The jobless rate in the eurozone rose to a new high of 11.6 percent Wednesday, according to Eurostat, and in several European countries, unemployment figures are actually depressed because of a rise in emigration as young people seek work abroad.
So what do you do when you're a town of 12,000 with a youth unemployment problem?
Make it some other town's problem, apparently.
The partnership between the city of Söderhamn, about 150 miles north of Stockholm, and Sweden's National Public Employment Service offers unemployed young people a month-long preparation course, paid transit to Oslo and a month of free accommodation in the Norwegian capital.
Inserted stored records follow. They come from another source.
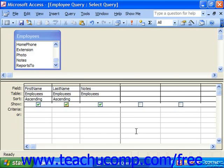You can also use wildcard characters to add an additional level of flexibility into your queries. Wildcard characters represent unknown values, and there are two main wildcard characters that you need to know: the asterisk and the question mark.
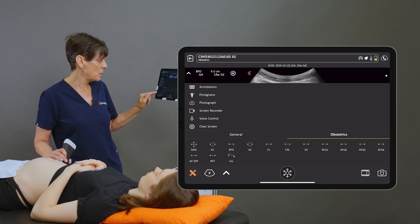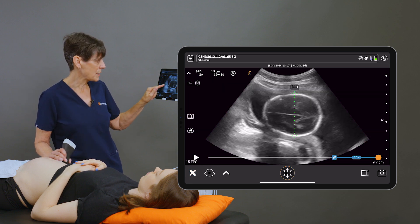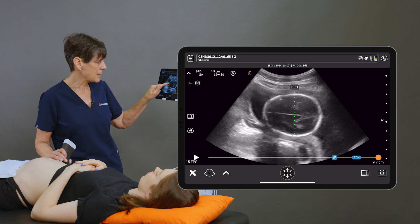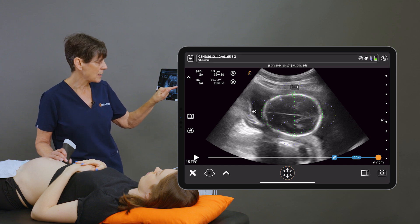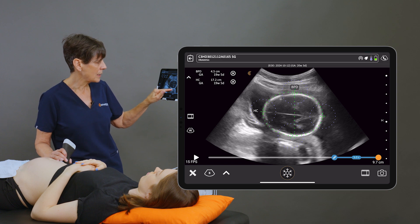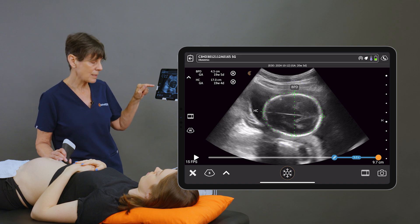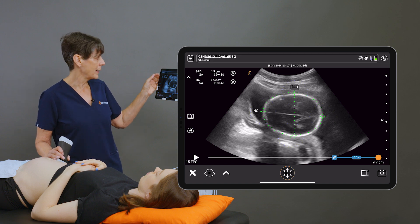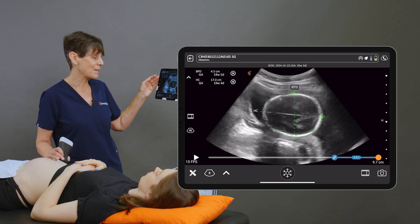On this view I can also do a head circumference. I'm going to place the calipers anteriorly and at the occiput, then adjust the ellipse until it's surrounding the skull. This is corresponding to 19 weeks and four days.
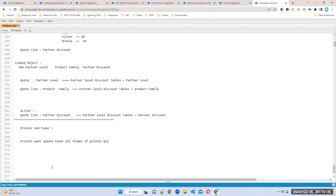For example, if I choose a printer quantity of one, the toner quantity should automatically become five. If I choose five, the toner quantity should be 25. So this one I want to update automatically. This is one example.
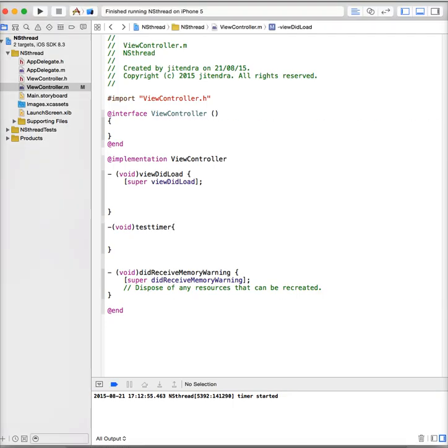Hi guys, today in this video blog we learn how we can use NSTimer in Objective-C. NSTimer is used when we want to call any method after some time interval or in a regular time interval. To fulfill that purpose, we need NSTimer, so let me show you.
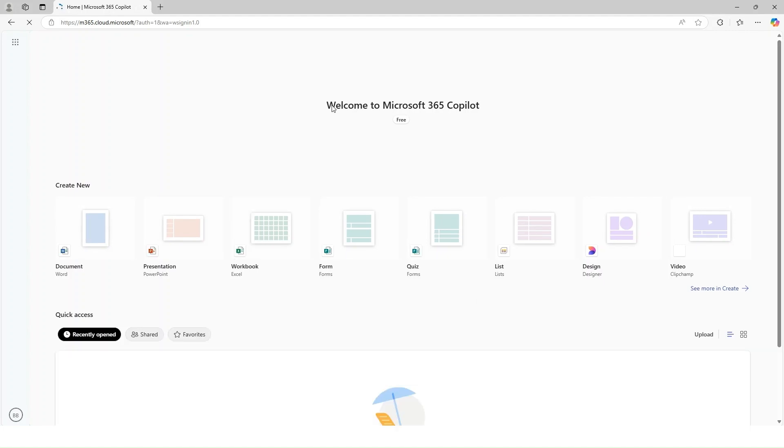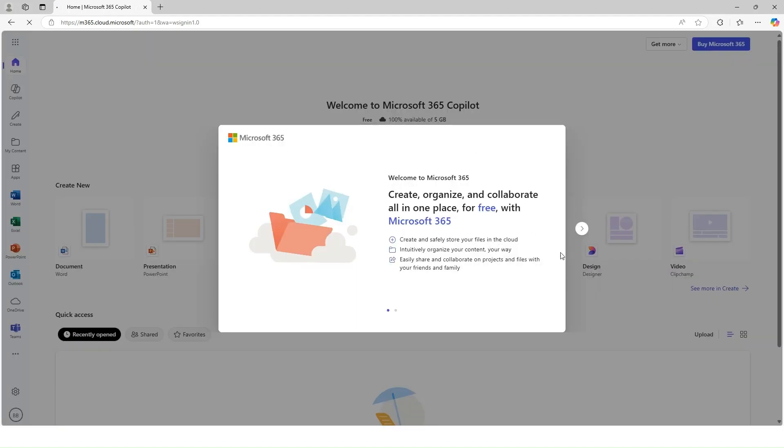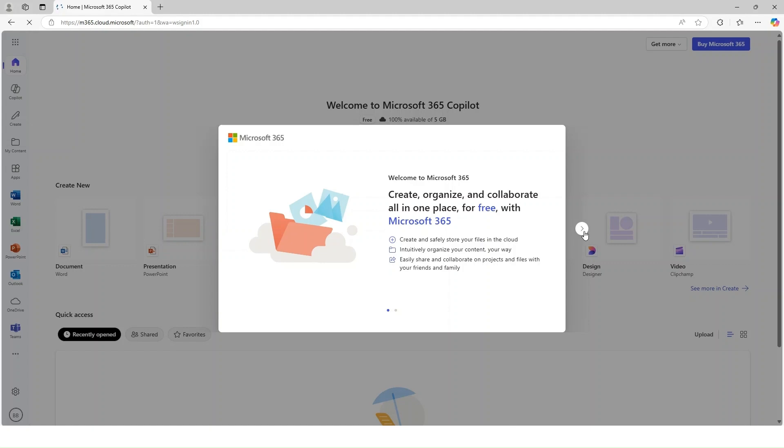Here we go, you now have all Microsoft products to use.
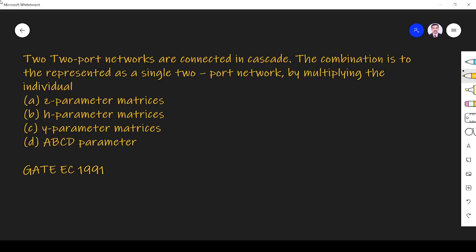In this video, let us solve a two-port network related question asked in GATE EC 1991 paper. The question is: two two-port networks are connected in cascade. The combination is to be represented as a single two-port network by multiplying the individual — option A: Z parameter matrices, option B: H parameter matrices, option C: OE parameter matrices, option D: ABCD parameter matrices.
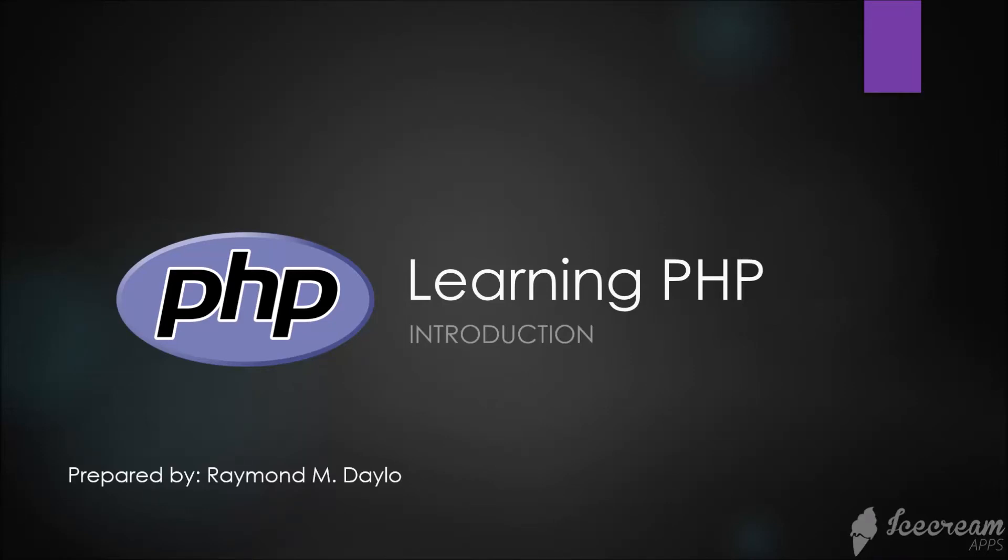Hello guys, this is the first part of our learning PHP series. In this part we're going to talk about the details of PHP, how we're going to set up our working environment, and the tools needed for us to start our local development.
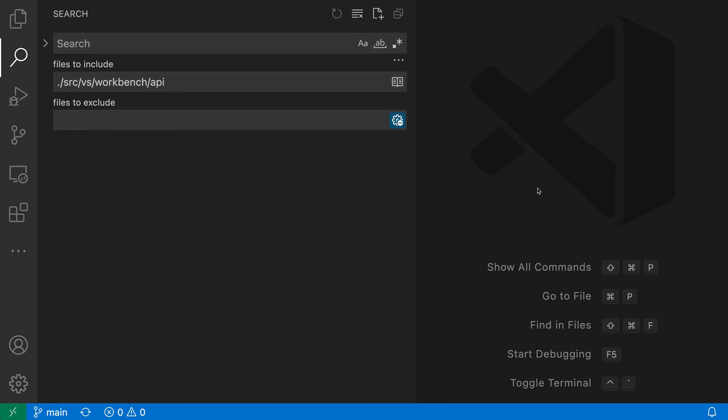With the Search Smart Case setting, VS Code will automatically enable case-sensitive searching as soon as you type an uppercase letter in the search box.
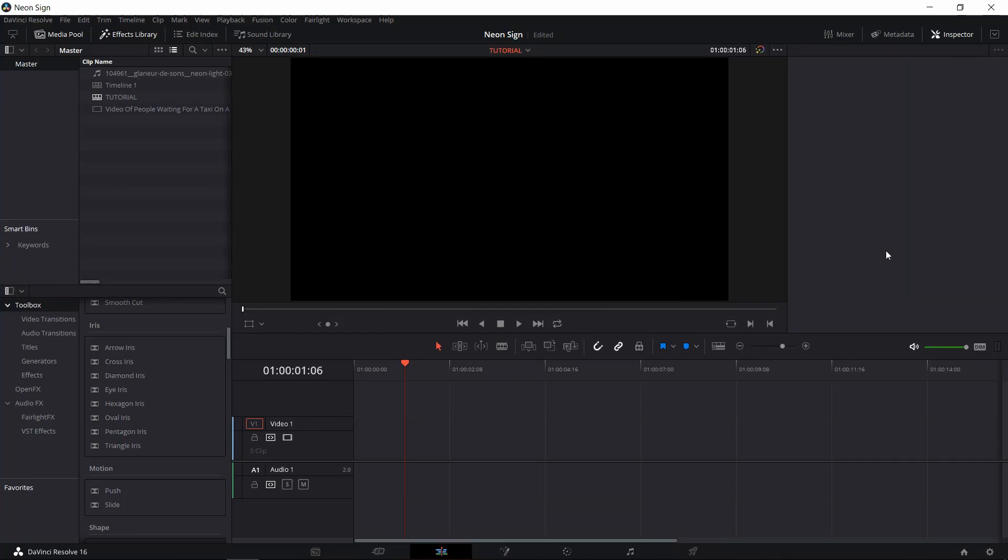Hello everybody, Chris here, and in this video I wanted to show you guys how we can set up a quick neon sign title effect inside of DaVinci Resolve 16.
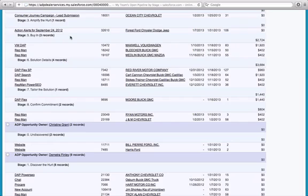Looking at Bill's pipeline, the stage five and above deals include three records at buy-in, four at solution details, one at tailoring the solution, and two at commitment. Right there is a hefty forecast. We need to look closely at whether these deals are moving rapidly on the rational side — does the customer want solution details right away, or do you still need more information to tailor the solution?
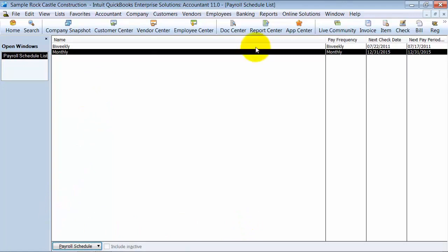Alright, so now we have two payroll schedules set up. You can have multiple payroll schedules set up and go in and edit them at any time.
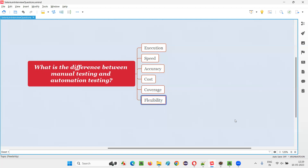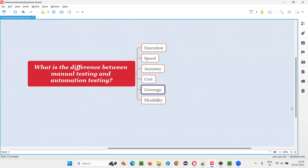Flexibility, however, is less in automation because you are not giving the tool the ability to think — it's not an AI tool. The automation tool simply follows the given instructions and cannot think like a human. In manual testing, human beings use their intuition and flexibility, trying different routes while testing to find more defects than an automation tool could. So flexibility is higher in manual testing, while automation leads in all other areas.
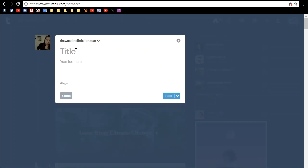For a text post, you can put a title, and you get to what you're here for, the text.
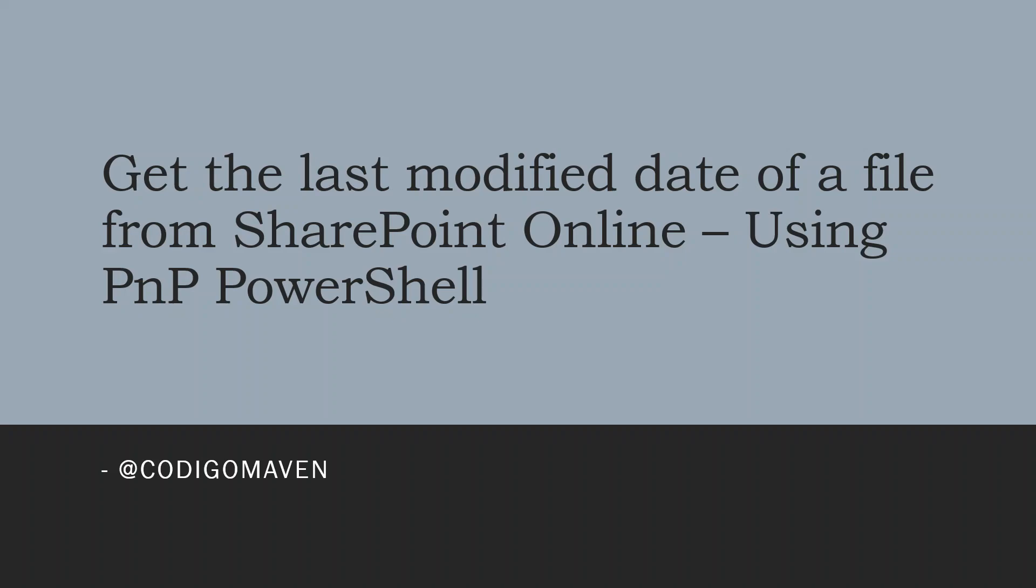Hello and welcome everyone to my channel CoticoMaven. In today's episode, we will see how to get the last modified date of a file from SharePoint online site using PNP PowerShell. Let's get started.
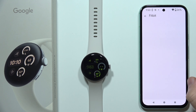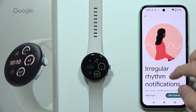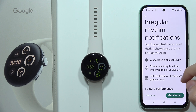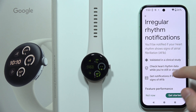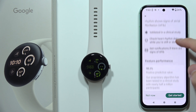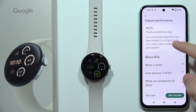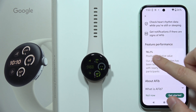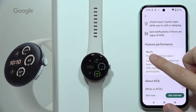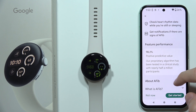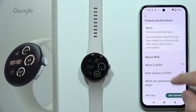Click Setup, and as you can see, you will get a notification about AFib. There is also information about the feature's performance — it has almost 99% accuracy.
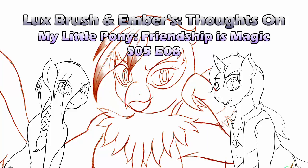Hello, I'm Lux. And I'm Ember. And this is our thoughts on My Little Pony, Friendship is Magic, Season 5, Episode 8, The Lost Treasure of Gryphonstone.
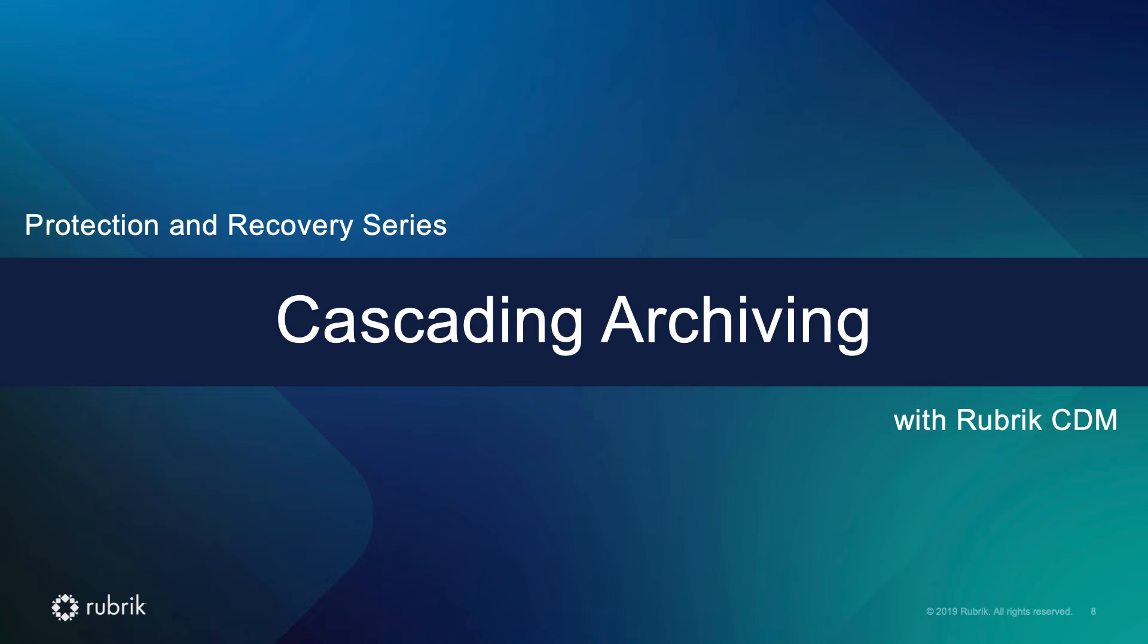Hi, I am Shane Allen, a platform solutions architect for Rubrik. Today, I'm going to show you how you can use Rubrik and cascading archiving to reduce cost, decrease remote site bandwidth consumption, and increase off-site data archive redundancy.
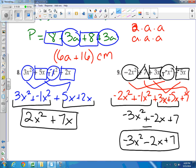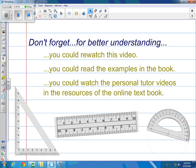All right, that was a little bit longer of a video than we're used to, but hopefully you took some good notes and wrote down questions that you can bring to class tomorrow. Remember, rewatch the video, read the examples in the book, or watch the personal tutors. Make sure you come with questions and come prepared to class on Monday.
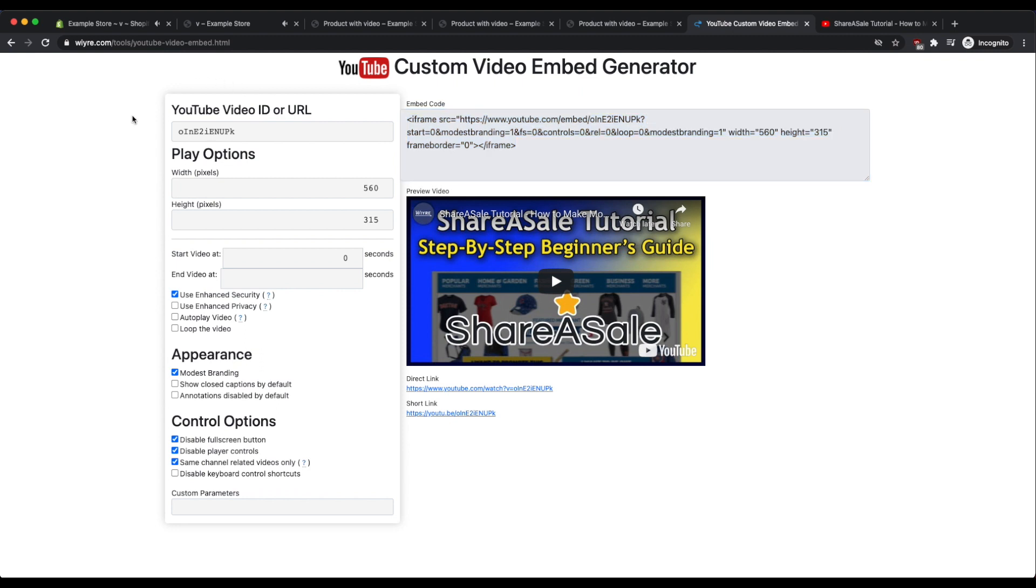I hope this helped and if you have any other questions please leave a comment below. I'll include links to this custom video embed generator and also include a link to that custom code that we copied earlier for videos that are lower than 20 megabytes and less than 4 minutes. Thanks and enjoy the rest of your day.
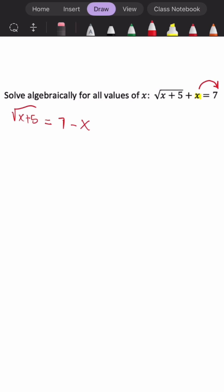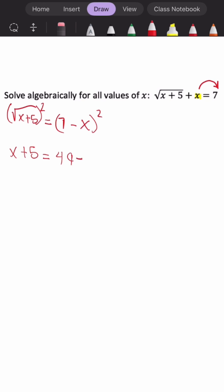Now to solve radical equations, we have to get rid of the radical, meaning we're going to square it so that the exponent of the radical cancels out, and we'll do the same thing to the other side. So x plus 5 is now equal to 49 minus 14x plus x squared.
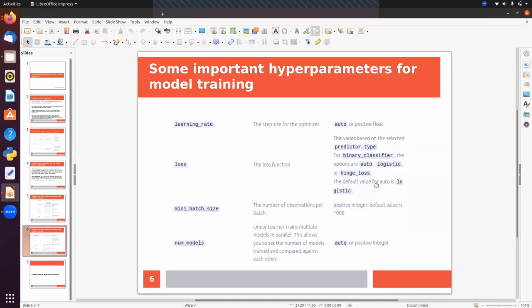Mini batch size lets us specify the number of samples to feed into training in the form of batches, with a default value of 1000. Number of models allows you to set how many models are trained in parallel and compared against each other, since linear learner trains multiple models in parallel. These are some important hyperparameters we can use while configuring a training job.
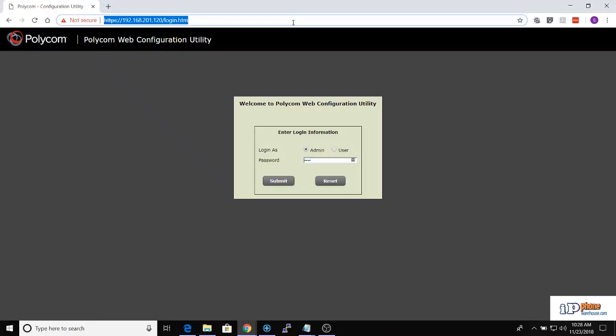Enter the address into a web browser to access the phone configuration page. The default password for a Polycom phone is 456.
"Once in Norway, the jobless young Swedes also receive help from job coaches from Nordjobb, a service that arranges jobs for young people in the Nordic countries," Sweden's the Local reported.
So far, nearly 100 people have entered the program.
"I came here on a Thursday and had a job by Monday morning. It went that fast. It felt almost unreal, like I'd come to the promised land," said Andreas Larsson, who had been unemployed for two years in Sweden but now works as a truck driver in Oslo.
Overall, Sweden still has a relatively low unemployment rate of 7.8 percent, but this is far from the only instance of cross-border job searches in Europe since the economic crisis there began several years ago. In Berlin, for example, Siemens is recruiting apprentices from Greece and other countries to add to its class of German trainees.